Chez les gens modestes comme mes parents, très modestes même, c'était inclus depuis le départ. Mon père adorait le jazz, l'opéra, les voix et ma mère aimait le classique et la poésie. J'ai donc baigné dans une histoire d'ouvriers. Ils ont été portés par cet amour de la musique, de la poésie et de l'aventure.

Vous vous êtes cherché pendant très longtemps, vous avez fait de la prison et votre père a été assez intransigeant. Il vous a dit : "Il y a deux solutions, soit tu continues ainsi, soit tu apprends un vrai métier".

Il m'a quand même dit qu'il y en avait deux ! Soit je continue à aller en prison, soit je travaille. Effectivement tout ce que j'ai appris, en tout cas, ça me sert toujours aujourd'hui : d'abord le respect du travail bien fait, la haine des chefs, ni Dieu ni maître, ni contremaîtres et la solidarité. La solidarité n'est pas forcément naturelle chez un être humain.

"Dans le monde de l'usine dans lequel je travaillais, 7 000 ouvriers, j'étais 'solidaritude', c'est-à-dire un solitaire, un marginal mais solidaire."

Bernard Lavilliers

à franceinfo

Vous rappelez-vous de votre première chanson ?

Non. J'ai dû écrire des chansons d'amour à la con, sans doute... Je devais m'être pris un râteau avec une fille. Mais je n’ai pas trop insisté dans ce domaine parce qu'assez rapidement, je me suis dit : "Maintenant que tu sais jouer quatre accords, tu vas écrire des trucs un peu méchants contre le pouvoir". Je n'ai pas trop traîné avec les chansons d'amour désespéré.
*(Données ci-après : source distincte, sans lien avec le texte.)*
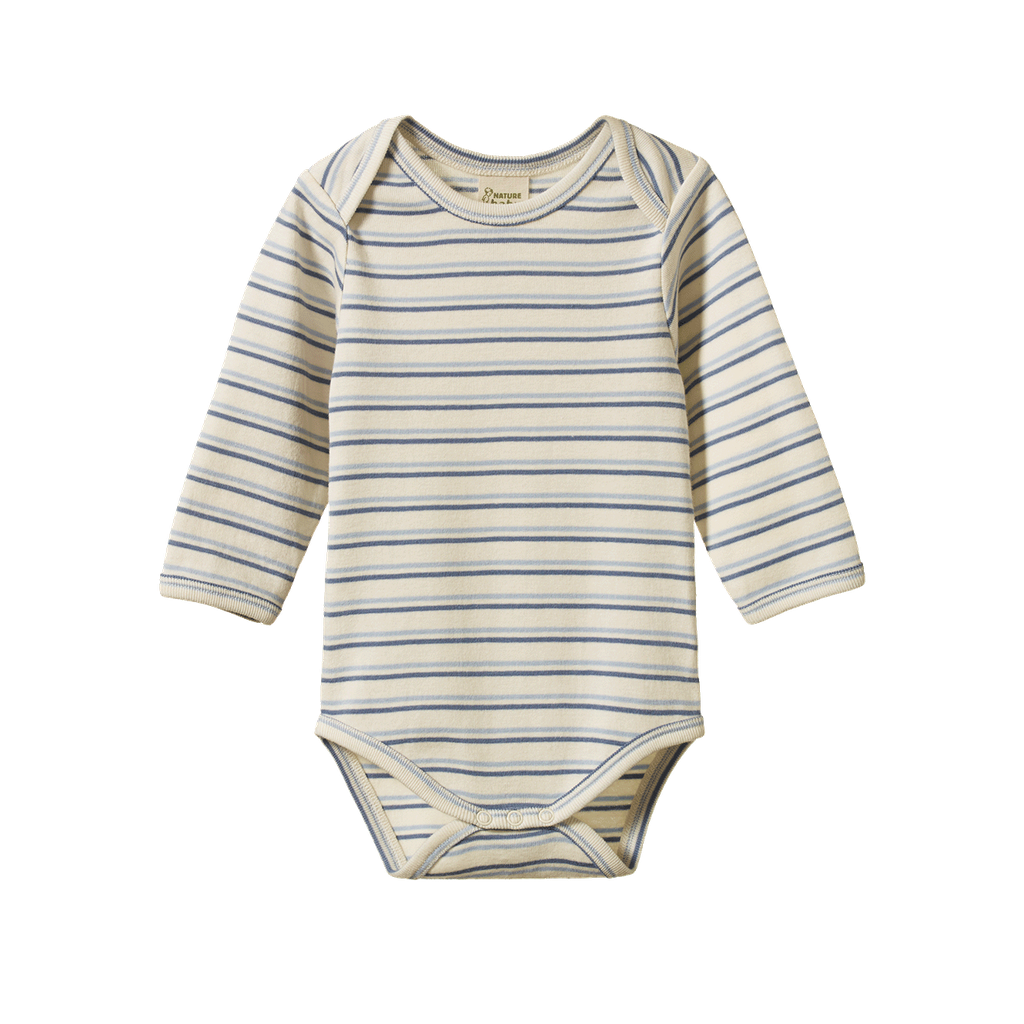 LONG SLEEVE BODYSUIT - Horizon Stripe | Nature Baby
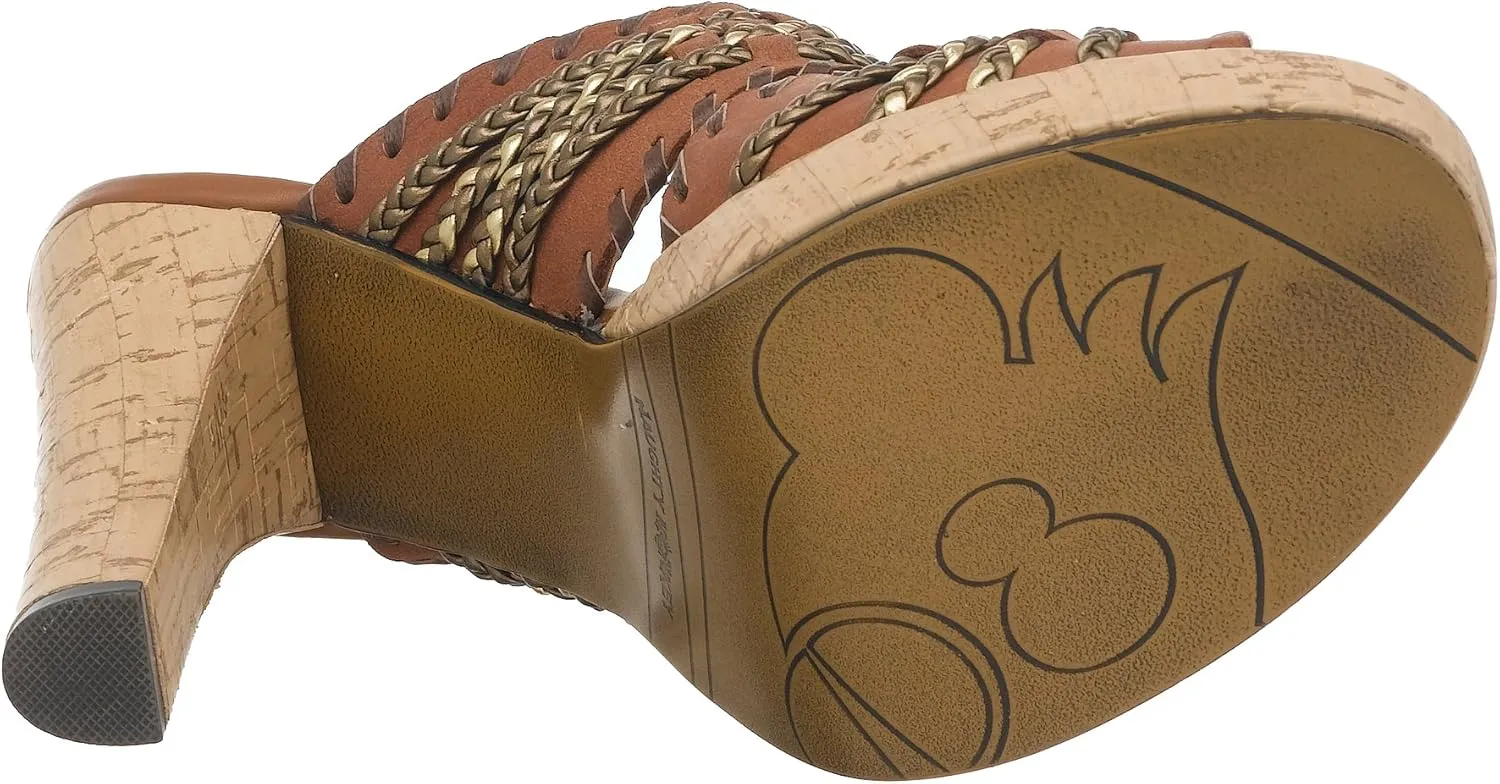 Naughty Monkey Women's Gold Card Cork Platform Sandal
L'album Les poètes sort en 1972. Trois ans plus tard, on a Le Stéphanois avec des titres forts comme Saint-Étienne, San Salvador, La Grande Marée. Il y a une chanson qui a marqué cette période dans votre quatrième album, Les Barbares, paru en 1976, qui la dévoile, c'est Fensch vallée. Elle s'adresse aux étudiants bourgeois qui soutenaient et portaient la cause des ouvriers. Comment est née cette samba ?

À cause des bourgeois, évidemment. Parce que quand ils prenaient la parole pour le monde ouvrier, ils n'y comprenaient rien.

"Quand je vois des ministres du Travail qui n'ont jamais travaillé en usine, comment le mec peut comprendre ? Intellectuellement, d'accord, mais c'est tellement physique tout ça."

Bernard Lavilliers

à franceinfo

Alors, effectivement, il y avait des petits-bourgeois qui venaient visiter les laminoirs. Je l'ai vécu. Ils ne venaient pas nous plaindre, ils trouvaient cela tellement cinématographique. Les ouvriers qui manipulent de la fonte en fusion à 1 500 degrés, c'est magnifique à voir. Bon, ils ne s'approchaient pas trop non plus, sinon on leur aurait balancé de la fonte en fusion.